Olá, classe trabalhadora! 

Como sabemos, as universidades públicas são o principal motor do desenvolvimento da ciência brasileira e, apesar dos cortes orçamentários expressivos dos investimentos nas pesquisas que aconteceram nos últimos anos e da falta de reconhecimento das universidades como responsáveis pela investigação científica no País pelos setores governamentais e pela sociedade, a ciência que se desenvolve dentro da universidade pública resiste e continua a duras penas a se desenvolver. É preciso reconhecer a importância da pesquisa e entender que as universidades públicas constituem a melhor solução para o desenvolvimento científico brasileiro. Sabendo disso o Núcleo de Psicologia do Trabalho (NUTRA), com o objetivo de divulgar as pesquisas produzidas no Departamento de Psicologia da Universidade Federal do Ceará e as experiências dos pesquisadores, entrevistou alguns estudantes da pós-graduação da UFC e divulgaremos essas pesquisas pelo Instagram e pelo blog Vida no Trabalho.

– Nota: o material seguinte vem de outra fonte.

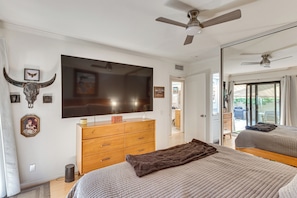 Ein Schlafzimmer mit einem großen Bett, einer Holzkommode, einem Flachbildfernseher und einem Deckenventilator.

Camila Ribeiro, foi a primeira entrevistada, graduada em Psicologia pela Universidade Federal do Ceará (UFC), mas que iniciou seus estudos no curso de Psicologia da Universidade Estadual do Ceará em 2016. Atualmente, é pós-graduanda do mestrado em Psicologia na UFC na linha "Subjetividade e Crítica do Contemporâneo", orientada pela Prof. Dra. Mariana Cavalcanti Liberato, é interessada em temas relacionados ao campo de estudos das imagens, produção de subjetividade, Saúde Coletiva, Saúde Mental, Reforma Psiquiátrica, Direitos Humanos, Interseccionalidade e Arte, a partir de referenciais da Esquizoanálise e dos Estudos Decoloniais e Feministas. Além disso, é colaboradora do Projeto de Extensão "PASÁRGADA - Promoção de Arte, Saúde e Garantia de Direitos".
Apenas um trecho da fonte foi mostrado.